Ditto to this question. Can't find any evidence of any Hemlock Grove episodes any where online or on Netflix, even after "liking" their Facebook page.

Was it a local press viewing?


----------



## Zevida (Nov 8, 2003)

It was a private screening, nothing is available publicly yet.


----------



## Malcontent (Sep 5, 2004)

Bump...

'Hemlock Grove' starts airing April 19.

http://movies.netflix.com/WiMovie/Hemlock_Grove/70242310?locale=en-US



> In the shadows of a rusted Pennsylvania steel town, the mangled body of a teenage girl is discovered. As they hunt for a monster among them, rumors mount and many of the eccentric residents become suspects, from the newly arrived gypsy family to the wealthy Godfrey clan. In the twisted world of Hemlock Grove, everyone hides a dark secret. From director Eli Roth ("Hostel") comes a chilling supernatural series based on Brian McGreevy's novel.


----------



## aadam101 (Jul 15, 2002)

That was a pretty damn good trailer. I can't ever recall any werewolf transformation being that graphic.


----------



## Gary McCoy (Jun 4, 2003)

Although I found the US _House of Cards _enjoyable, I think the original BBC series is even better.

Also, it has been a year since the first season of _Lillyhammer_, where is season 2?


----------



## aadam101 (Jul 15, 2002)

Gary McCoy said:


> Although I found the US _House of Cards _enjoyable, I think the original BBC series is even better.
> 
> Also, it has been a year since the first season of _Lillyhammer_, where is season 2?


They didn't start filming until January 2013.


----------



## aadam101 (Jul 15, 2002)

Does anyone know if these shows are eligible for Emmy Awards? Do the Emmy's require that the show air on TV? 

I'm not sure they have any Emmy worthy material yet but with AD right around the corner, I'm certain they will.


----------



## Zevida (Nov 8, 2003)

Yes, anything that airs on the net is eligible. Those rules opened up a few years ago.

http://www.tvguide.com/News/How-Netflix-Internet-Might-Impact-Emmy-Awards-1061208.aspx



> Thanks to a 2008 rule change, the Academy of TV Arts and Sciences allows shows like Netflix's House of Cards and Arrested Development to be nominated for Emmys in the same categories as broadcast and cable contenders;


----------



## sharkster (Jul 3, 2004)

I'd like to see an Emmy for Kevin Spacey.


----------



## JohnB1000 (Dec 6, 2004)

Gary McCoy said:


> Although I found the US _House of Cards _enjoyable, I think the original BBC series is even better.
> 
> Also, it has been a year since the first season of _Lillyhammer_, where is season 2?

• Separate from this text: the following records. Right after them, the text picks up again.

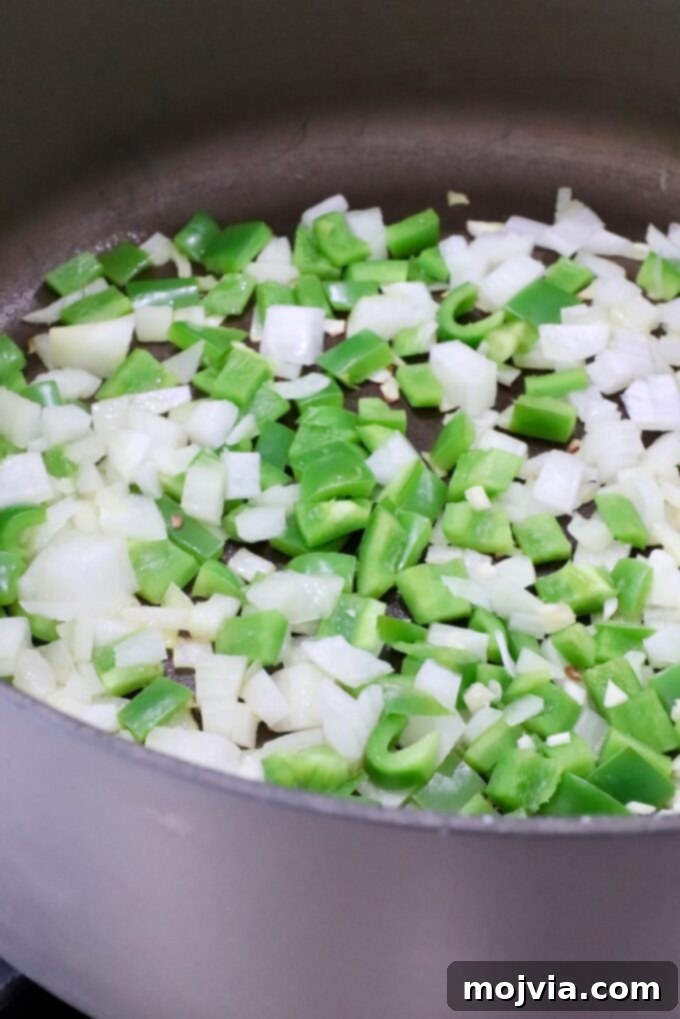 Diced onions and green bell peppers sautéing in olive oil in a large Dutch oven.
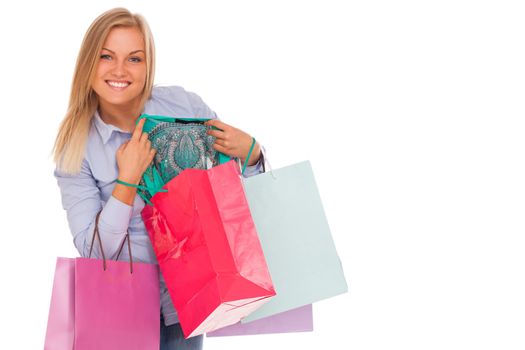 Young blond caucasian woman with shopping bags smiling over white background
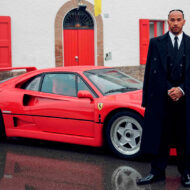 Así era la millonaria colección de coches de Lewis Hamilton que vendió para invertir en arte: desde un Shelby Cobra hasta un Pagani Zonda personalizado Lewis Hamilton vestido de traje con un coche rojo detrás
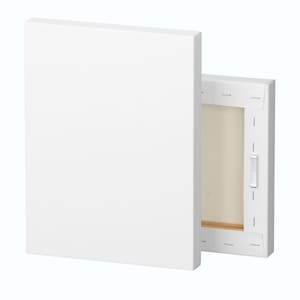 Puede incluir: Dos lienzos blancos en blanco, uno apoyado contra el otro. El lienzo est&aacute; estirado sobre un marco de madera. La parte posterior del lienzo es visible, mostrando el marco de madera y las grapas.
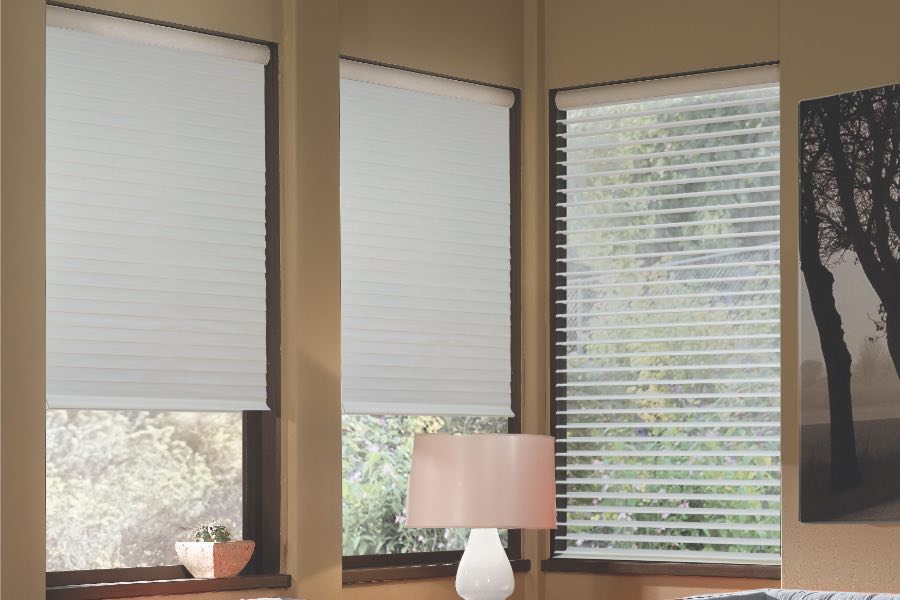 Opaque motorized window shades in Minneapolis keep hot UV rays out of your home. Gray motorized sheer shades on corner windows next to gray furniture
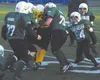 The Colony defense swarms a Panther runner to cause a fumble
during the fifth/sixth-grade championship game at Anchorage
Football Stadium. Photo by TIM BRODT/Frontiersman.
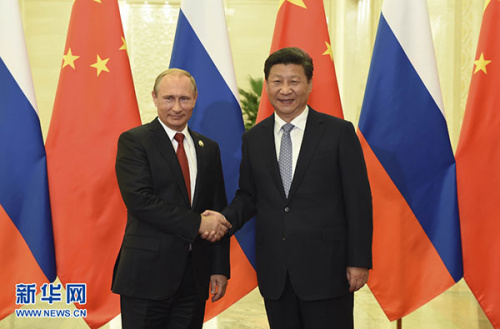 Chinese President Xi Jinping shakes hands with visiting Russian President Vladimir Putin in Beijing, Sept 3, 2015. (Photo/Xinhua) Chinese President Xi Jinping shakes hands with visiting Russian President Vladimir Putin in Beijing, Sept 3, 2015. (Photo/Xinhua)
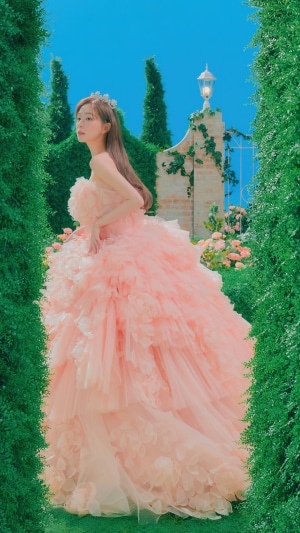 Irene from Red Velvet in a pink dress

I think the BBC one is pretty crappy.


----------



## ElJay (Apr 6, 2005)

JohnB1000 said:


> I think the BBC one is pretty crappy.


I just finished it and I have to agree. The first series was OK (and the US version generally followed its arc), but the last two were ridiculous. I hope the writing does not drop off so sharply in the US version.


----------



## Lee 2.0 (Jul 10, 2012)

sharkster said:


> I'd like to see an Emmy for Kevin Spacey.


Robin Wright


----------



## Malcontent (Sep 5, 2004)

'Bloodline'



> "Bloodline" is a dramatic thriller that explores the demons lurking beneath the surface of a contemporary American family. The Rayburns are hard-working pillars of their Florida Keys community. But when the black sheep son comes home for the 45th anniversary of his parents' hotel, he threatens to expose the Rayburns' dark secrets and shameful past, pushing his siblings to the limits of family loyalty.

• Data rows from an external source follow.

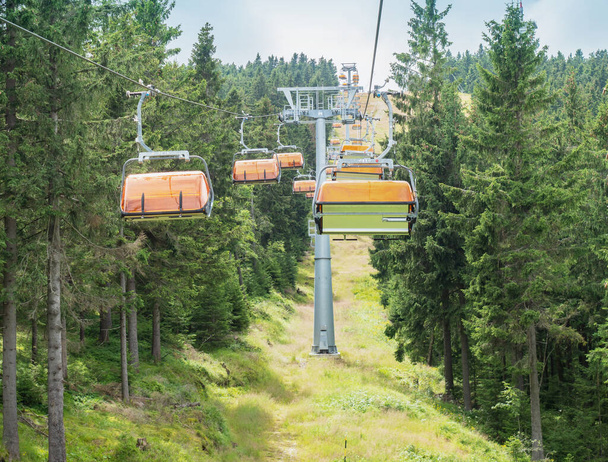 Chairlift com cobertura de vento laranja de assentos tremendo no caminho para cima através da floresta. A bicicleta downhill única pista abaixo elevador. - Foto, Imagem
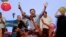 Opposition presidential candidate Mauricio Macri celebrates his victory with supporters at his campaign headquarters in Buenos Aires, Argentina, Nov. 22, 2015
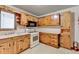 Functional kitchen with light wood cabinets and vintage appliances at 2516 Warwick Ne Cir, Atlanta, GA 30345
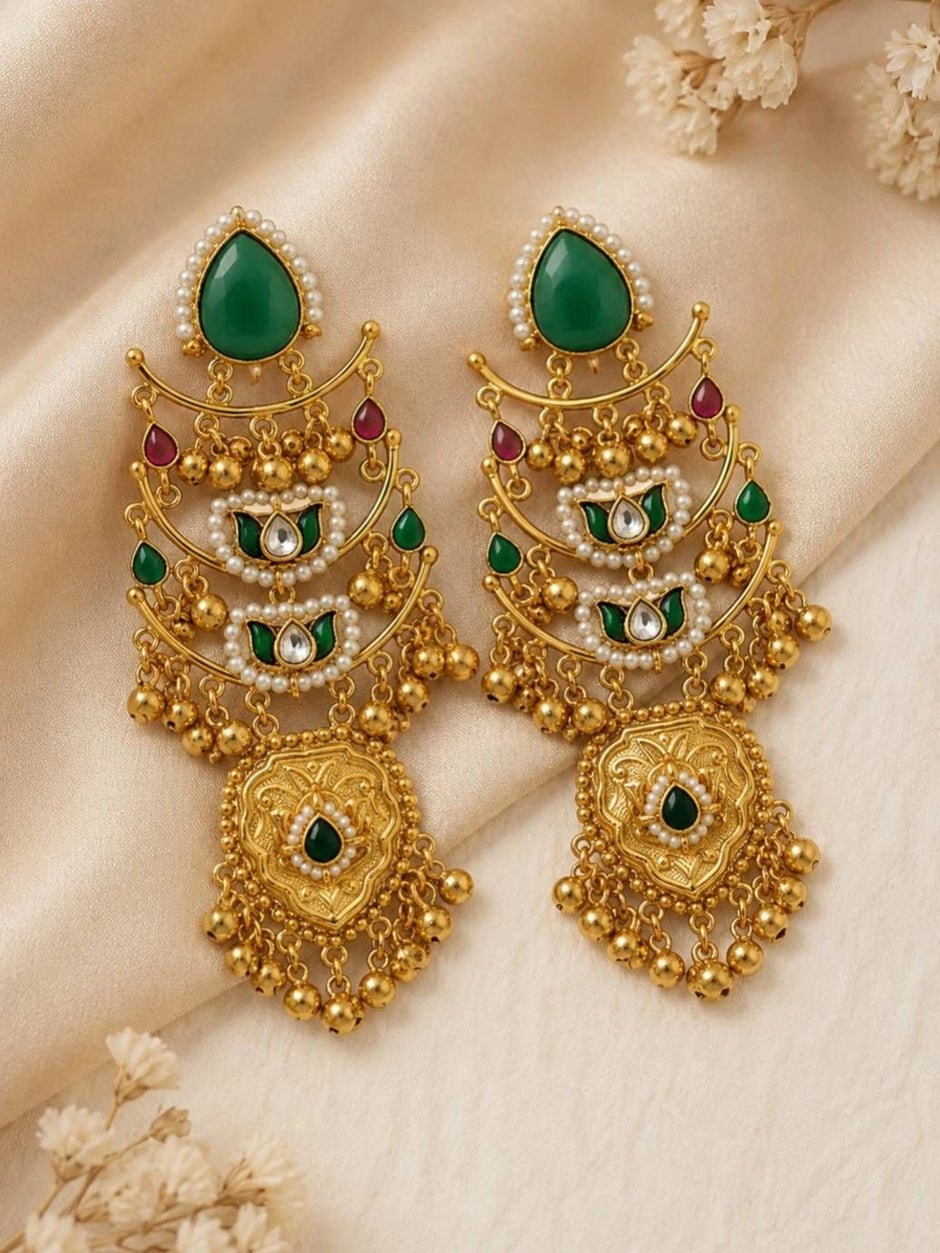 Two gold-plated chandbali earrings with green and red stones laid flat on cream silk fabric with dried flowers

Should be now available on Netflix.


----------



## ADG (Aug 20, 2003)

Watched the first episode. Won't be watching the second.


----------



## JohnB1000 (Dec 6, 2004)

sharkster said:


> I'd like to see an Emmy for Kevin Spacey.





Lee 2.0 said:


> Robin Wright


If that was Robin Wright playing the President then she definitely deserves an honor.


----------



## Martha (Oct 6, 2002)

ADG said:


> Watched the first episode. Won't be watching the second.

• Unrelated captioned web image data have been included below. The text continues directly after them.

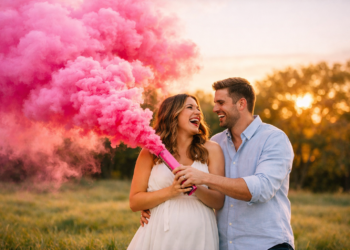 Casal celebrando revelação de sexo do bebê com fumaça rosa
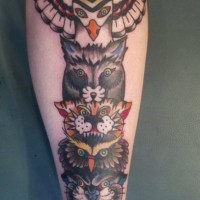 Coloured animal heads tattoo on leg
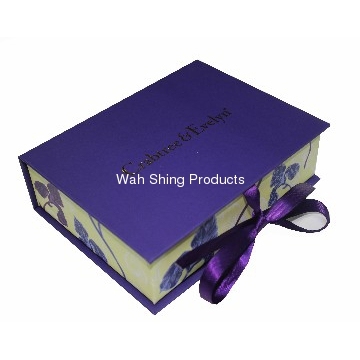 Purple flip gift box with purple bow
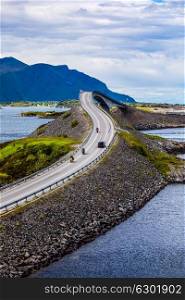 "Three bikers on motorcycles. Atlantic Ocean Road or the Atlantic Road (Atlanterhavsveien) been awarded the title as "Norwegian Construction of the Century"."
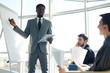 © pressmaster - Portrait of successful African businessman pointing at whiteboard  during presentation meeting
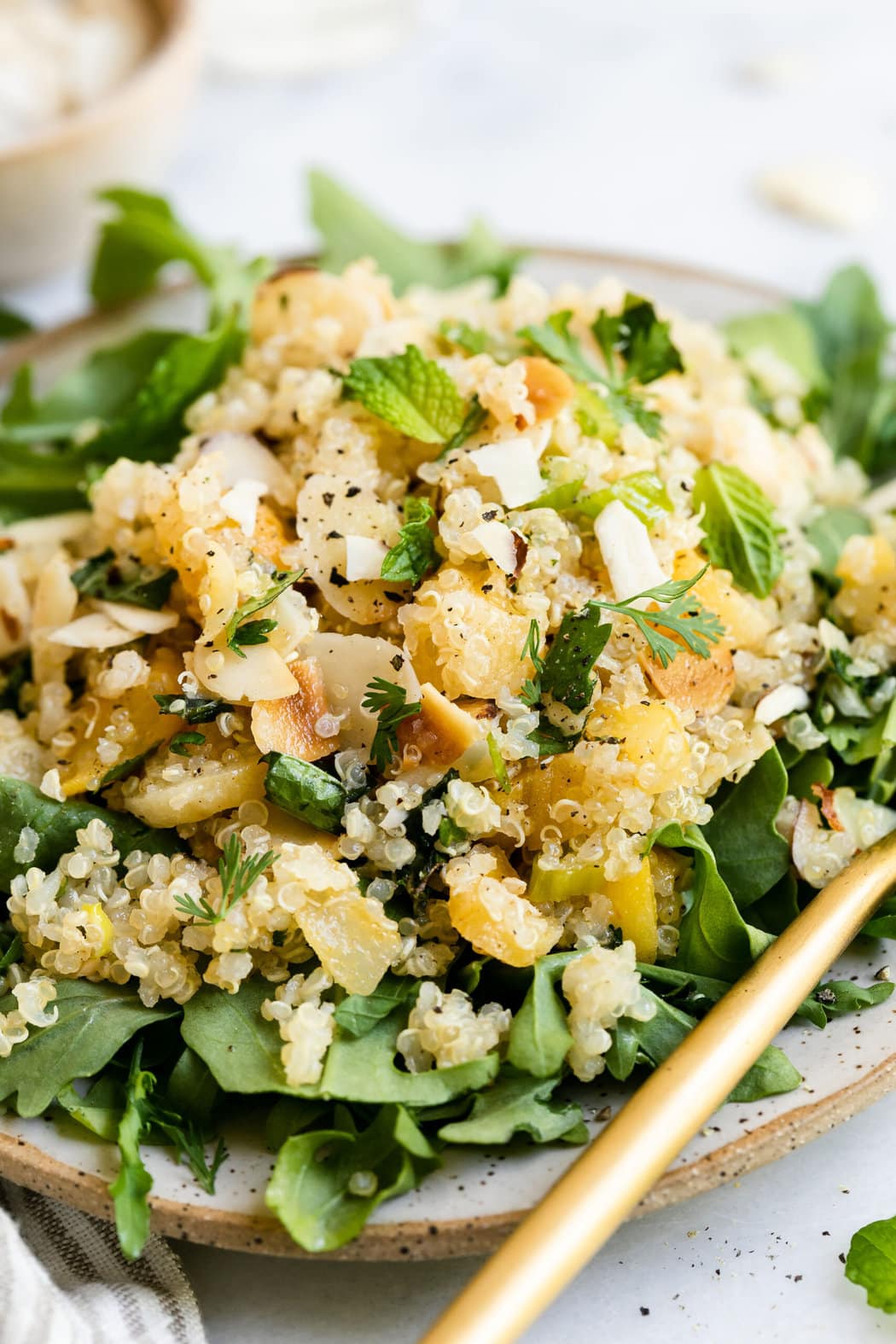 Close up view herbed quinoa pilaf plated on plate with mixed greens.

Wow - I really liked it. Maybe because all the "kids" are my generation.

Kyle Chandler, Sissy Spacek, Sam Shepard...all good stuff.


----------



## uncdrew (Aug 6, 2002)

Malcontent said:


> 'Bloodline'
> 
> Should be now available on Netflix.


Loving it.

We got sucked right in. We like shows about dysfunctional families, and this has some unique twists on that.


----------



## mrizzo80 (Apr 17, 2012)

Bloodline is not showing up in TiVo Universal Search. It was last week because I created a 1P for it.

TiVo Support has tweeted they are working on capability to have OTT content show up in OnePass's the same day it gets released for streaming; hopefully they figure out how to do that.


----------



## coldtoes (May 29, 2002)

Someone started a thread about Bloodline not showing up in search or My Shows in the Roamio forum.


----------



## Queue (Apr 7, 2009)

I'm loving Bloodline. I think it may be Netflix's best drama yet. I can't get into this next season of House of Cards.


----------



## Dan203 (Apr 17, 2000)

Queue said:


> I can't get into this next season of House of Cards.


I loved the first two and watched them over the course of a couple of days. But I watched the first 3 episodes of season 3 a couple weeks ago and haven't gone back to finish it. I will finish it eventually, but it didn't suck me in like the first two.


----------